I just finished reading Jonathan Wilson-Hartgrove's "The Wisdom of Stability". I met Jonathan last year at Duke. He's an interesting young guy, travelled, educated at Duke and really centered. He started a monastic movement based on putting down roots in an urban area of Durham. Engaging the community where you are will mean transformation for that community when believers "live in ways that speak to the deeper yearnings of the human heart." Even well-known author/speaker/professor/theologian Tony Campolo wrote on the dust cover about this book calling Wilson-Hartgrove's approach "like the prophets of old..."

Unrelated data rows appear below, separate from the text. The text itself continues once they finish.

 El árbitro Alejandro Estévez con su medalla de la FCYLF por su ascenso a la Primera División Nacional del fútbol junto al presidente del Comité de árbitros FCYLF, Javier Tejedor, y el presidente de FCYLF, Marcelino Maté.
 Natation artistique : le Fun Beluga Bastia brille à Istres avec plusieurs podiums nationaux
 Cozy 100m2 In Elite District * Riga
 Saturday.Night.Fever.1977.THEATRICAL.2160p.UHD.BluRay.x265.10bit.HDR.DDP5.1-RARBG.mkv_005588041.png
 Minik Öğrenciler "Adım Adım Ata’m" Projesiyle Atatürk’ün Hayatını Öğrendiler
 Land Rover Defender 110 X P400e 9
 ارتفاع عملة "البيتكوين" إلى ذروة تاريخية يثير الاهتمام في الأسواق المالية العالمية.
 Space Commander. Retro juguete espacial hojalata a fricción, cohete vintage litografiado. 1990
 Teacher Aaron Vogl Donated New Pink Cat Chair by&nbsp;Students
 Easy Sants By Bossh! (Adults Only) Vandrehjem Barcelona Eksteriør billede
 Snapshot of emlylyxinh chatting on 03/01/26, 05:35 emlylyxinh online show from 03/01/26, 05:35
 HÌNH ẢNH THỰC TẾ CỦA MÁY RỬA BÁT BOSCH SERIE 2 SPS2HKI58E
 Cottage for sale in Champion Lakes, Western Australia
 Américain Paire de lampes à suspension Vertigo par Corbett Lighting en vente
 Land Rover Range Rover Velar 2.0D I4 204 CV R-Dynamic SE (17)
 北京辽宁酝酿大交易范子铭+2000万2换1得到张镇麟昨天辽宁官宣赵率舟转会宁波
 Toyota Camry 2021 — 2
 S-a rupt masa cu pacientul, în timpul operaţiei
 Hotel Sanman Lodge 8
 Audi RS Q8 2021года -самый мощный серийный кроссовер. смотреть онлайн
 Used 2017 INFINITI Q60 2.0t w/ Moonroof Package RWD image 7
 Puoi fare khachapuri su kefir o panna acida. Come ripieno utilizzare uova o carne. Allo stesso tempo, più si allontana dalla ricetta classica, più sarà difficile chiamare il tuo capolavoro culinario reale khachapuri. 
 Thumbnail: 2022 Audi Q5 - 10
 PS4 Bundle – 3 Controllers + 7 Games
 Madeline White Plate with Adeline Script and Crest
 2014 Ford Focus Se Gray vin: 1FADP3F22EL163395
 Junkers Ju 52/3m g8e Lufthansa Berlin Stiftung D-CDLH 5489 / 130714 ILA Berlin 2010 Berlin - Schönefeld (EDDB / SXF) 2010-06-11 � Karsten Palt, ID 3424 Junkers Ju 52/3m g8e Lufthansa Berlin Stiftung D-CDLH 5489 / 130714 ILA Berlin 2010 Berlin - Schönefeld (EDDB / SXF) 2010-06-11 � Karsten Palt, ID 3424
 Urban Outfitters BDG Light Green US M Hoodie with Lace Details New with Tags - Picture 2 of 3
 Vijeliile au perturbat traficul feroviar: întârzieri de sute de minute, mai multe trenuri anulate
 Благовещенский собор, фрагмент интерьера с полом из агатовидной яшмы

Stability....sounds really firm!
Then, last week's Christian Century (Apr 5, 2011) came in the mail. One of the pages had Luci Shaw's poetry, entitled "States of Being":
Stability is greatly
overrated.
Why would I ever want to sit
still and smug as a rock,
confident, because of my great
weight, that I will not be moved?
Better to be soft as water,
easily troubled, with
at least three modes
of being, able to shape-
shift, to mirror, to cleanse,
to drift downstream,
To roar when I encounter
the rock.
So, my ambivalent friends, is stability smug or wise? Or is being fluid, soft and pliable the way to go? Both sounded pretty good when I was reading. Maybe real wisdom is to let some things cook a little longer. Extremes are what's overrated - except maybe for what God did for us at Calvary.